Johannes Aehlers Nachfolger wurde 1566 Magnus Zankmeister aus Memmingen. Er war zuvor in kurzer Abfolge Prädikant in Mandach (1558-1560), Birr (1560-1565) und Veltheim (1565-1566) gewesen. Zankmeister starb 1672 in Thalheim im Amt. Während seiner Mandacher Zeit war er nach Bern zitiert worden, um ihn wegen seiner «liederlichen und köstlichen» Haushaltung zur Rechenschaft zu ziehen.

Magnus Zankmeisters Nachfolger war Samuel Möriker von Aarau. Er blieb bis zu seinem Tod 1611 (ein Pestjahr) in Thalheim und war seit den späten 1580er-Jahren wegen argen Geldschulden, schlechter Haushaltsführung, Sticheleien und Beleidigungen, vor allem aber wegen Gerüchten über amouröse Affären vielfach vor das Kapitel geladen worden.
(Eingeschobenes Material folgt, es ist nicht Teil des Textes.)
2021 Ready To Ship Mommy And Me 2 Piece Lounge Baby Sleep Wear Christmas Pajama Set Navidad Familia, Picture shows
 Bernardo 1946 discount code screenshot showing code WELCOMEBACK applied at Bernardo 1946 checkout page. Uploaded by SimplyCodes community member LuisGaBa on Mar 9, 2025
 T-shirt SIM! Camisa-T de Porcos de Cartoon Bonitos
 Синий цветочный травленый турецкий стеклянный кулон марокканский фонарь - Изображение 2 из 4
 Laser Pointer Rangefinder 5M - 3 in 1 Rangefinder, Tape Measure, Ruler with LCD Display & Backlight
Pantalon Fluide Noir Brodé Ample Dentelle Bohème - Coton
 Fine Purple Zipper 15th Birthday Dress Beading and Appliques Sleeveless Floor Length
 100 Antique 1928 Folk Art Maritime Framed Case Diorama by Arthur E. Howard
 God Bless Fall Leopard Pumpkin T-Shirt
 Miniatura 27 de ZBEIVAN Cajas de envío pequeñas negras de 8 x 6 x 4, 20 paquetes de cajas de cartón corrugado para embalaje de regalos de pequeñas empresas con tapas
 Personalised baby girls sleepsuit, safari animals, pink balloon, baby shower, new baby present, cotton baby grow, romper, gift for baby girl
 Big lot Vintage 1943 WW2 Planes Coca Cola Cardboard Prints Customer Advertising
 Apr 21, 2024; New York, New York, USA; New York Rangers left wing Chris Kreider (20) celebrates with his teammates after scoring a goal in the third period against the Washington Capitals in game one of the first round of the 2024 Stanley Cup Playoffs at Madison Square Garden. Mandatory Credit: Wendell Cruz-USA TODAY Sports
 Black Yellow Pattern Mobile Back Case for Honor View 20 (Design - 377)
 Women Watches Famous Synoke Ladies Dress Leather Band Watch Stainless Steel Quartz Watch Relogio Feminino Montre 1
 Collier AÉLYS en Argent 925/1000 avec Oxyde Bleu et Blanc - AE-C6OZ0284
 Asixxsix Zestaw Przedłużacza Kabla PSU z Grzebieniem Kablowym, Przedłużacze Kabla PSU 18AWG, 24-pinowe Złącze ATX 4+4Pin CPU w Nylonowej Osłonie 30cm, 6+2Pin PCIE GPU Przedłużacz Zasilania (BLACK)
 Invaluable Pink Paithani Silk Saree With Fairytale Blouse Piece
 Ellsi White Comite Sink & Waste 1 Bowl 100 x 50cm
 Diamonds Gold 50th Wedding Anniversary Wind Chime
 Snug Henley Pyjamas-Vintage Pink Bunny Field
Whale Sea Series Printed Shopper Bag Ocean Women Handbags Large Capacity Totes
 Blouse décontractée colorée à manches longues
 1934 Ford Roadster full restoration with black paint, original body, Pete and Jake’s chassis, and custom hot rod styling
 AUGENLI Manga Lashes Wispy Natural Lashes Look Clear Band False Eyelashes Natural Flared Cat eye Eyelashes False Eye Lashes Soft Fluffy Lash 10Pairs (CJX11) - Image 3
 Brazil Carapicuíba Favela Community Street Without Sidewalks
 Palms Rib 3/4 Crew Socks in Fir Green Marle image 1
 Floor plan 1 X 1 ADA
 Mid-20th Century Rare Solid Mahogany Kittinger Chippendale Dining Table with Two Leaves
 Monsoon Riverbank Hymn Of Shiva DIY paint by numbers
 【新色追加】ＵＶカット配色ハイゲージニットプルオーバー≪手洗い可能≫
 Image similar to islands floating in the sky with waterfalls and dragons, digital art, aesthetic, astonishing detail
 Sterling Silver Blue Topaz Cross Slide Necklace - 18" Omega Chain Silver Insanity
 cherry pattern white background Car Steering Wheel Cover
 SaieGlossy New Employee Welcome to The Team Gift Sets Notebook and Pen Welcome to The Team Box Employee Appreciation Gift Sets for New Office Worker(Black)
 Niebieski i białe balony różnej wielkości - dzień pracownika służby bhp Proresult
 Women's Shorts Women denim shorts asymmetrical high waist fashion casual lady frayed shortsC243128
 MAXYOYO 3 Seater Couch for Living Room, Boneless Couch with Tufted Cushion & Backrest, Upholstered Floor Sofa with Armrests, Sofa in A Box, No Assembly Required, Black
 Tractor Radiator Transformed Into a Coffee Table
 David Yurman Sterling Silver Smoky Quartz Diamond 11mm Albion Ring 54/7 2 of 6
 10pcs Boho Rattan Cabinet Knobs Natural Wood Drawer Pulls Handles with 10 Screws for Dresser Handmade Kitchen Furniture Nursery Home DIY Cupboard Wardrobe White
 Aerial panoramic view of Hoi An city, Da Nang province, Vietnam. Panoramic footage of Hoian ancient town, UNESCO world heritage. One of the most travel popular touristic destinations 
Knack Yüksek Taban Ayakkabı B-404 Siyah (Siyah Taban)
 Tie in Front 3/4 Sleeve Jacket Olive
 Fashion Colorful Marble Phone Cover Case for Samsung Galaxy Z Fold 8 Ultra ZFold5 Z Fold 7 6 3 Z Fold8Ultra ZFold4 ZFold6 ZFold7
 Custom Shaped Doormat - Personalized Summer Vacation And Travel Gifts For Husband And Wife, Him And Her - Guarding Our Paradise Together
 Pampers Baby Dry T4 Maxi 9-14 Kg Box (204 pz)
In der Gemeinde stehe er, ist in den Kapitelsakten nachzulesen, in einem mächtigen Gerede über Ehebruch mit Baschi Schneiders, des Baders Frau, und soll seine Töchter besser in Zucht und Gottesfurcht halten. Es gebe Streit und Unruhe im Dorf. Er habe von böswilligen Dorfbewohnern Schlimmes zu ertragen, beklagte sich Prädikant Möriker. Das Kapitel rät ihm, sich unnützer Reden zu enthalten.

Bald schon tauchen aber neue Klagen auf. Er stehe wiederum in Verdacht mit seines Nachbarn Weib unerlaubten Umgang zu pflegen. Er trage ihr Wein und anderes zu, indessen lasse er seine Ehefrau im Mangel sitzen.

Obwohl ihm der Dekan ein Wirtshausverbot auferlegt hatte, soll der Prädikant in zwei Wochen 14–15 Gulden verzehrt haben. Die Wirtin sei zudem die Schwester jener Frau, mit der er in bösem Verdacht stehe, und in jenem Wirtshaus würden auch «die Einzüge gehalten» (=die Treffen stattfinden).

Nach einem Pfarrherren, der keinen Anlass zu Klagen gab (Jakob Fischer, 1611–1627 in Thalheim), trat Georg Zink, ein Flüchtling aus der Pfalz 1627, sein Amt in Thalheim an. Er wurde 1640 abgesetzt, weil er im Streit mit dem Landvogt von Schenkenberg beleidigende Vorwürfe geäussert hatte.